(Entries taken from a collection)

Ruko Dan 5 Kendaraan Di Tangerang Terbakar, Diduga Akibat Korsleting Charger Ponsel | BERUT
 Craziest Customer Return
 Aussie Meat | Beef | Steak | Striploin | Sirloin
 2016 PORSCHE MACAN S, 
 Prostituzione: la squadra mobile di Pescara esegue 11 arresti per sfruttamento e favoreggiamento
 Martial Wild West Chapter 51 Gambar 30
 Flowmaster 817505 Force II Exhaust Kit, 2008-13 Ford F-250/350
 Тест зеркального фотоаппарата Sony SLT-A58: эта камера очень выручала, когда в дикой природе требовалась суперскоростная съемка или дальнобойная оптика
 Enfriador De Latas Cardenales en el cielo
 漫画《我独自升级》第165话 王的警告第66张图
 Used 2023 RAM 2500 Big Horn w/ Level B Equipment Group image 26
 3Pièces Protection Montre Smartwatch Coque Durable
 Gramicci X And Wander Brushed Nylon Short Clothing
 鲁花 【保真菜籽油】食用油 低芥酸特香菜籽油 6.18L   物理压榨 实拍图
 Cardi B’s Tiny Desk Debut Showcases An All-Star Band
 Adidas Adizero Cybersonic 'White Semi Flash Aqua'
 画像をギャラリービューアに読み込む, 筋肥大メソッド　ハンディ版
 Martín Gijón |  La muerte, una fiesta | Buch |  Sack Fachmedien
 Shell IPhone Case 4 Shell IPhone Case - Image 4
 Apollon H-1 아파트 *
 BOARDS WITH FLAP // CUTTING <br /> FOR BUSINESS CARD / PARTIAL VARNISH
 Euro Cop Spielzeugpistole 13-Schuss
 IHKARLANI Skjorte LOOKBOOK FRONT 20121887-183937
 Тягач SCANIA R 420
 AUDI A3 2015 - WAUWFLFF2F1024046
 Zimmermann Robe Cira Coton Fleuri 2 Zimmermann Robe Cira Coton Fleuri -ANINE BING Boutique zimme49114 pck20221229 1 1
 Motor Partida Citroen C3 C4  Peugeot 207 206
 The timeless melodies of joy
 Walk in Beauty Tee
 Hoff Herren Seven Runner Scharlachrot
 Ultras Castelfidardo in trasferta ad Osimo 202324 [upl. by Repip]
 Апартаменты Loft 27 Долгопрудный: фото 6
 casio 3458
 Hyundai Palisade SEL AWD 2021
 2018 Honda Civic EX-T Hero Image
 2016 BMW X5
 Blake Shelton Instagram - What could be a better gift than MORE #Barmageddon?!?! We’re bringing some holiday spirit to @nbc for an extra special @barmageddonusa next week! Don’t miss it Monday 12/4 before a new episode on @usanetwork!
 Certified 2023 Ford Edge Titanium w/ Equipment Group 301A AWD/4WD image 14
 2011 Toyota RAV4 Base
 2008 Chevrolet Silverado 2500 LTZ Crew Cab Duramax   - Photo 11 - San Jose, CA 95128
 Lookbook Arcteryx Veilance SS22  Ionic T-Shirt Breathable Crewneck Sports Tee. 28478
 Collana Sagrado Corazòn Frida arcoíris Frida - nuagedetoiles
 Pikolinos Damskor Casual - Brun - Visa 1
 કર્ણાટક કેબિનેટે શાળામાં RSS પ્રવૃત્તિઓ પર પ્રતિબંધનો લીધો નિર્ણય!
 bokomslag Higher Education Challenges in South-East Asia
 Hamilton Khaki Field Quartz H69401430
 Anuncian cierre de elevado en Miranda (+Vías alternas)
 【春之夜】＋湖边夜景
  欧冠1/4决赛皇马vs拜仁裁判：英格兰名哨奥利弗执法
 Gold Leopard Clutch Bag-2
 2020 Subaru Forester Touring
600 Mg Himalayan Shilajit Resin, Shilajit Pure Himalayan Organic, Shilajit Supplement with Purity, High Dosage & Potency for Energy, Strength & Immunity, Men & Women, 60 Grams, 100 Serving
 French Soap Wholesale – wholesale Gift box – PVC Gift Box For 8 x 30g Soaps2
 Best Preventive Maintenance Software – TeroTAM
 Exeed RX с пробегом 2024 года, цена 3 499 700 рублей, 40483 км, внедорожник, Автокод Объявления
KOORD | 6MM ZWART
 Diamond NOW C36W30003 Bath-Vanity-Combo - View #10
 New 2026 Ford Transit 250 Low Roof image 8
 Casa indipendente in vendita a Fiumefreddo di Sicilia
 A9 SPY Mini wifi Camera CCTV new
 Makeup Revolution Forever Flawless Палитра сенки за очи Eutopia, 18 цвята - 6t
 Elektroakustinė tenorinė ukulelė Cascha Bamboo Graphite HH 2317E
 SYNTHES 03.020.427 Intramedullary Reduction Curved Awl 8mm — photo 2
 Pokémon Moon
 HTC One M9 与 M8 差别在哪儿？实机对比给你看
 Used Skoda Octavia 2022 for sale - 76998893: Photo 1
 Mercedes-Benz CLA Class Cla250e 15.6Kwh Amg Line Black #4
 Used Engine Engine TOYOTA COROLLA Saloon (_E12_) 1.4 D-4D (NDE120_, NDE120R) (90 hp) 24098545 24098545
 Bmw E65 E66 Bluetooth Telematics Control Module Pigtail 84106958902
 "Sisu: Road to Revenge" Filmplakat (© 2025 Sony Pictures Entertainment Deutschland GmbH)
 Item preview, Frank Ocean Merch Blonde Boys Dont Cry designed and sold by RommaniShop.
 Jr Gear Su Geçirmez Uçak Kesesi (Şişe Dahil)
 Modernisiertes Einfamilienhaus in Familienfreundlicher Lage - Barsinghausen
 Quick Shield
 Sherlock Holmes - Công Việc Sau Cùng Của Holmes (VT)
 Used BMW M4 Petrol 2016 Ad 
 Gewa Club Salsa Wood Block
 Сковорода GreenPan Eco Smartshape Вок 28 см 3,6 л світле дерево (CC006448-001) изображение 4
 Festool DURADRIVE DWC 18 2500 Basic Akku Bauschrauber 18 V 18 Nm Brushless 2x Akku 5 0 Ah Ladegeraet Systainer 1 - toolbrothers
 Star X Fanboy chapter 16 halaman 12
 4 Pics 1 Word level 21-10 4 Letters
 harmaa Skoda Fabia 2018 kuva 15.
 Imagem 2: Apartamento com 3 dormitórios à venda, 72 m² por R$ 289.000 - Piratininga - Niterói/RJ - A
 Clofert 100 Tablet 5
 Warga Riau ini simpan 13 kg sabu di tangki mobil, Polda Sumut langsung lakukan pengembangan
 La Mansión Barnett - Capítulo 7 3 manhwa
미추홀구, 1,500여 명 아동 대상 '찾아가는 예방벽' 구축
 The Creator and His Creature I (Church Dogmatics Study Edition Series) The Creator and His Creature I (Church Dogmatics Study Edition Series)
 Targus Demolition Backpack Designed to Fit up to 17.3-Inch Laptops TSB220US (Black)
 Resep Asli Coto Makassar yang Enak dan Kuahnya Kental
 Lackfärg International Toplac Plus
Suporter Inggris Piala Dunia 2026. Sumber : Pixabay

TASK DESCRIPTION: Locate and copy each line in the data above that includes the word "Sony".

EXERCISE RESULT:
 Тест зеркального фотоаппарата Sony SLT-A58: эта камера очень выручала, когда в дикой природе требовалась суперскоростная съемка или дальнобойная оптика
 "Sisu: Road to Revenge" Filmplakat (© 2025 Sony Pictures Entertainment Deutschland GmbH)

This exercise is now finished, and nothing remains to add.